JAKARTA, DISWAY.ID-- Selama bertahun-tahun, kasus kekerasan yang kerap kali menimpa perempuan dan anak-anak di Indonesia sudah menjadi momok menakutkan yang terus menghantui masyarakat.
Bahkan dalam kurun waktu tahun 2024-2025 ini, tingkat kasus kekerasan kepada anak dan perempuan sudah meningkat hingga ke angka yang mengkhawatirkan.
Dilansir dari data Dinas Pemberdayaan Perlindungan Anak dan Pengendalian Penduduk (DPPAPP) DKI Jakarta, tingkat kasus kekerasan terhadap perempuan dan anak di Jakarta pada 2025 sendiri telah mencapai 1.917 kasus.

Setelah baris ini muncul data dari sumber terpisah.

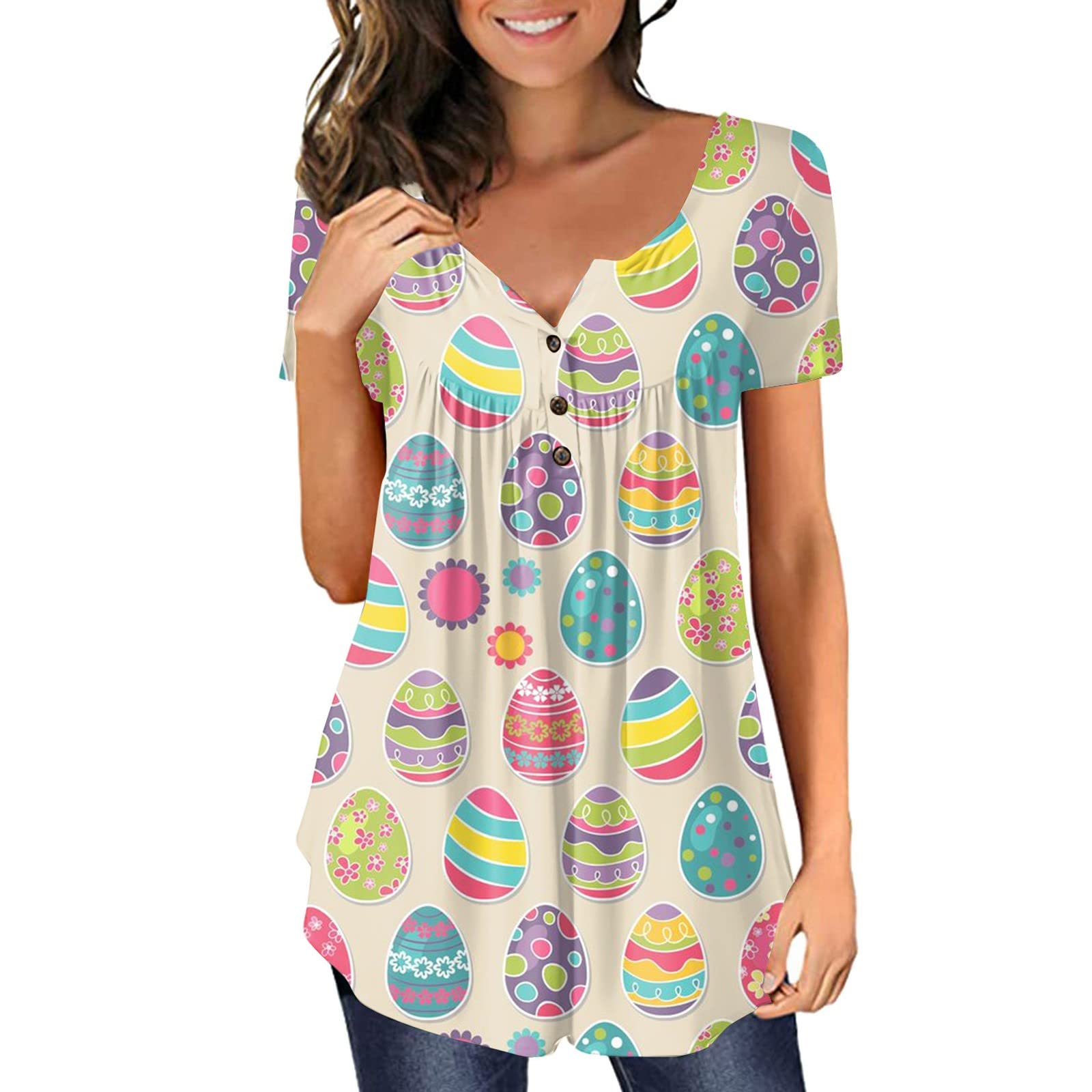 Women's T Shirt Top Summer Short Sleeve Crew Neck Top Blouse Casual Loose Fit Starry Sky Printing Tshirt Workout Plus Shirts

Tidak hanya itu, hasil Survei Nasional Pengalaman Hidup Anak dan Remaja (SNPHAR) tahun 2024 juga turut mengungkapkan bahwa setidaknya satu dari dua anak di Indonesia pernah mengalami setidaknya satu bentuk kekerasan.
Dalam hal ini, Menteri Pemberdayaan Perempuan dan Perlindungan Anak (PPPA) Arifah Fauzi mengungkapkan bahwa masih banyak perempuan dan anak korban kekerasan yang belum merasa aman untuk melapor.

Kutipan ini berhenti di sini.